Private holders of Greek government debt returned to the table in Athens, after discussions with Greek authorities broke down at the end of last week.
One source close to the talks said logic dictated that a deal will come together one way or the other and a banking source close to negotiations said it was imperative a deal over private sector involvement is reached by early next week at the latest.
“The only thing I can say at this stage is that we’re optimistic,” added a Greek government official who declined to be named.
Talks ground to a halt last week over the level of interest paid on new replacement bonds. Private holders are pushing for a higher rate of return in order to mitigate losses imposed through write-downs on existing debt.

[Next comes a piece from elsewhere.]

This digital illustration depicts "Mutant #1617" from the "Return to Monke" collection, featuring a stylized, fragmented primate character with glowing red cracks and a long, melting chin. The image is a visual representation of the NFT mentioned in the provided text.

The level of interest on new bonds was the most “visible” aspect of negotiations yesterday, an official confirmed. Greek finance minister Evangelos Venizelos added that talks were at a “sensitive” point.
“In the end, something is likely to be agreed partly because no side is going to want to see a disorderly default,” said Ben May, economist at Capital Economics.
“A lot of what’s been going on is manoeuvring from both sides to get a better deal. There’s likely to be an element of brinkmanship taking place from both sides in order to get the best terms.”
•Portuguese authorities brushed off a recent credit rating downgrade to comfortably raise the maximum planned amount in yesterday’s debt auction. Portugal sold €2.5bn (£2.08bn) worth of short-term debt, consisting of three-month, six-month and 11-month bills. Yields on all three notes came in at under five per cent.